When your packets travel through the Internet, where exactly do they go? How many of your web site's users live in Europe? How will your service be affected by a new trans-pacific cable? To answer these questions you need geographic information. Researchers studying the Internet frequently need to map their observed data, such as IP addresses, to geographic locations. But IP addresses are values in a logical hierarchy; they contain no geographic information. There is no authoritative database for mapping IP addresses to locations, so several sources of network information must be used, and these sources may be conflicting or incomplete. The large size of the typical data set used in Internet research also creates a problem. Manually mapping many thousands of IP addresses to locations is impractical and error-prone; an automated solution is required. In this paper we describe NetGeo, a tool that solves these problems efficiently.

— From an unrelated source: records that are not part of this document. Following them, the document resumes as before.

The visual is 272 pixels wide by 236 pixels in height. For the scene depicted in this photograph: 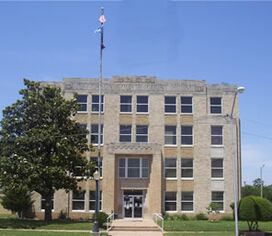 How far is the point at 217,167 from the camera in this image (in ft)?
188

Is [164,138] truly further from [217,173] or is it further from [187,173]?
[217,173]

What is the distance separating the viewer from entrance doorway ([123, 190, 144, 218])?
178 ft

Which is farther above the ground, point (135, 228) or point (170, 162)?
point (170, 162)

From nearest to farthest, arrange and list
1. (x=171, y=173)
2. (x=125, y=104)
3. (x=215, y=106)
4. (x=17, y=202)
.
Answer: (x=17, y=202)
(x=171, y=173)
(x=125, y=104)
(x=215, y=106)

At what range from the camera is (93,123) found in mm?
57188

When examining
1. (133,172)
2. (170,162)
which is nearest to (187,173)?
(170,162)

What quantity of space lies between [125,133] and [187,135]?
6.61m

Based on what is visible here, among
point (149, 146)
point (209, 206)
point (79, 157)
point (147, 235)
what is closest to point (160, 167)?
point (149, 146)

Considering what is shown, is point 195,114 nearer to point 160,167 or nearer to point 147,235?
point 160,167

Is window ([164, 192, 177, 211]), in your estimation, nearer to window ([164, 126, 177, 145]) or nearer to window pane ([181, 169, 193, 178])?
window pane ([181, 169, 193, 178])

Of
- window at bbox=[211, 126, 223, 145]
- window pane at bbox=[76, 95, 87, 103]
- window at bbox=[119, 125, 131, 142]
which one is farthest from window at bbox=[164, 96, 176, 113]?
window pane at bbox=[76, 95, 87, 103]

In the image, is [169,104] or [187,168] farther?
[169,104]

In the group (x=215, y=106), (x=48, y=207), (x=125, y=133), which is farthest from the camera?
(x=215, y=106)

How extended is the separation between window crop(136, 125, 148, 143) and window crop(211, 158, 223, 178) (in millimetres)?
7511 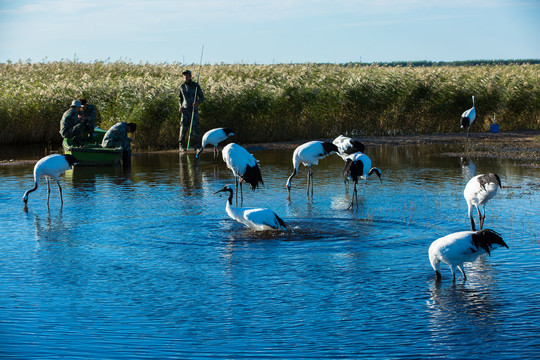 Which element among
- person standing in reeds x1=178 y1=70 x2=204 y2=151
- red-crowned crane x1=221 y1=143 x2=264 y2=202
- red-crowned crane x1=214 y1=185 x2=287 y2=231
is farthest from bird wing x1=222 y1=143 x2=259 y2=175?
person standing in reeds x1=178 y1=70 x2=204 y2=151

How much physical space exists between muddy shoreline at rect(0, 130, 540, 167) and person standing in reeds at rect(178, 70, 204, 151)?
1.59 m

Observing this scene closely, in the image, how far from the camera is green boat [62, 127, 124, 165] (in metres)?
19.8

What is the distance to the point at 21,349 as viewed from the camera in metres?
6.61

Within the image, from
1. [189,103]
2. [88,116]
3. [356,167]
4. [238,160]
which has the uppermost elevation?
[189,103]

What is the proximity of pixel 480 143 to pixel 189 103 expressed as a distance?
11.5 meters

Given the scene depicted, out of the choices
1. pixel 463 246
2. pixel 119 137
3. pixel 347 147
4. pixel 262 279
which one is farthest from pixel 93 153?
pixel 463 246

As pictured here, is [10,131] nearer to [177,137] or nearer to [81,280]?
[177,137]

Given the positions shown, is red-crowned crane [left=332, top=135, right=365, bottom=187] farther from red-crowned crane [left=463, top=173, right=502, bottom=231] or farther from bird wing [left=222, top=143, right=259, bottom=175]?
red-crowned crane [left=463, top=173, right=502, bottom=231]

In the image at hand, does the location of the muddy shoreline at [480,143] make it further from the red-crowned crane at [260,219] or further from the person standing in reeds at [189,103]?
the red-crowned crane at [260,219]

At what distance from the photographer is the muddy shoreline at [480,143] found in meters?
21.9

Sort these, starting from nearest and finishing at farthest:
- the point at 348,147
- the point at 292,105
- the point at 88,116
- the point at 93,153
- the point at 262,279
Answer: the point at 262,279, the point at 348,147, the point at 93,153, the point at 88,116, the point at 292,105

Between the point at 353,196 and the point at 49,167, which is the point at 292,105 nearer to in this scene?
the point at 353,196

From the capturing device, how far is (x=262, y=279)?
28.8 ft

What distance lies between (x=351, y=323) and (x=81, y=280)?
3897 millimetres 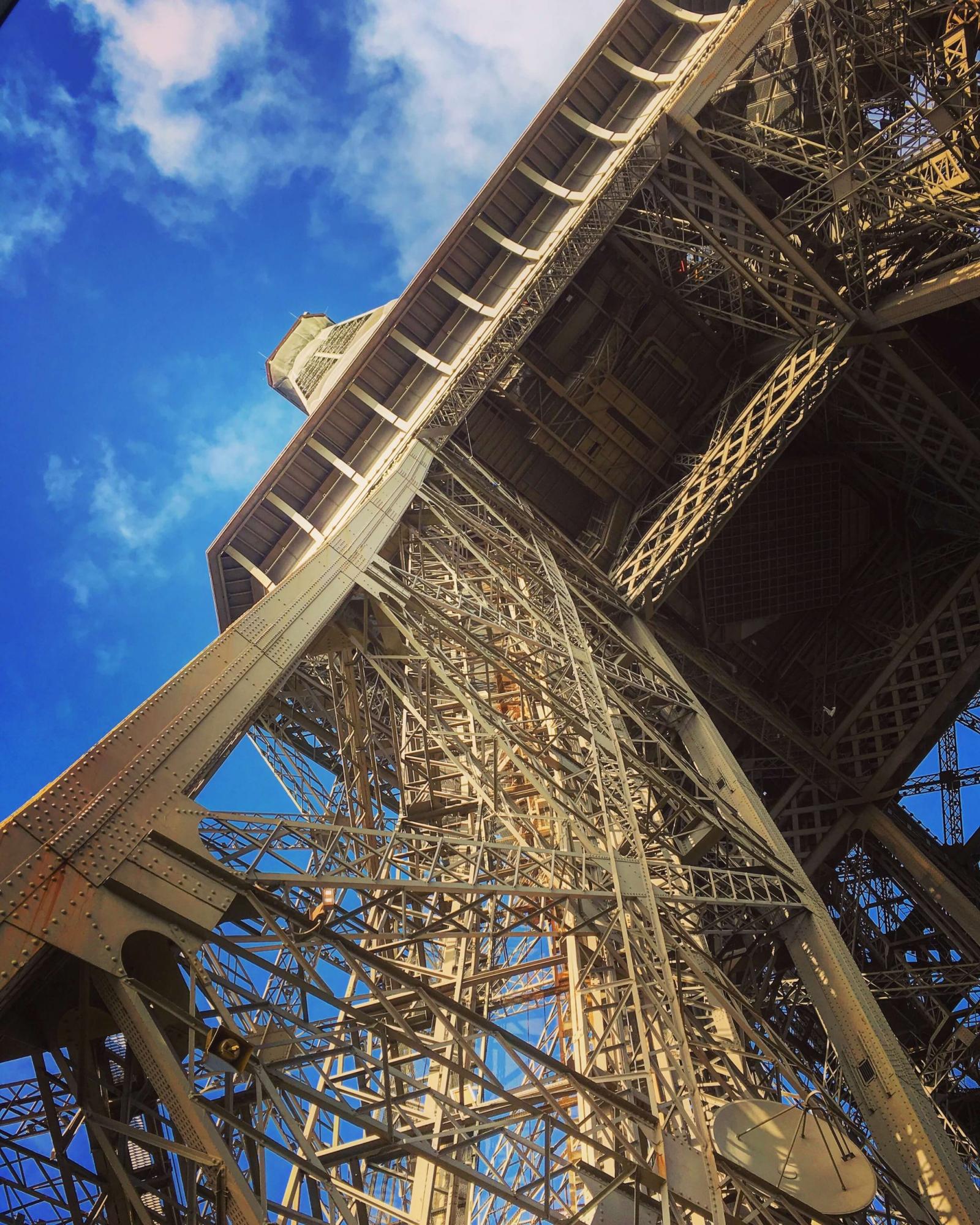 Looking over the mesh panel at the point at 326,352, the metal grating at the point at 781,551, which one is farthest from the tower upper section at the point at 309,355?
the metal grating at the point at 781,551

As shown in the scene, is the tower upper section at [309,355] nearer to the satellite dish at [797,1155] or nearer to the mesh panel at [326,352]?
the mesh panel at [326,352]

NetGeo is a tool that maps IP addresses, domain names, and Autonomous System (AS) numbers to geographic locations. Ideally, the latitude and longitude corresponding to any Internet address would be available via a DNS LOC record (RFC 1876). Unfortunately, LOC records are not supported by most network administrators. NetGeo uses DNS LOC records if available, otherwise NetGeo uses heuristics to choose among several methods for determining locations. Locations may be found from host names or domain names, or by parsing the addresses found in whois records. The heuristics and the addresses from whois records can occasionally be misleading, but NetGeo is able to obtain acceptable results in most cases.
There are many possible uses for NetGeo. NetGeo could be used to automatically choose the geographically closest mirror site for downloads. ISPs could use geographic information from NetGeo when choosing locations to deploy new infrastructure, governments when setting policies, and businesses when designing regional advertising. NetGeo is currently being used in a graphical traceroute tool, and in studies of connectivity and traffic flow between countries.
NetGeo can be accessed through Java and Perl APIs, and can be used interactively on the web. The NetGeo back-end consists of a database and a collection of Perl scripts used for heuristic analysis and for parsing addresses from whois records. The NetGeo database caches the geographic information parsed from previous queries, to reduce the load on whois servers and to improve performance.
Prior to the development of NetGeo, Internet geographic information was not easily available. We expect there will be many uses for this information once researchers become aware of its availability.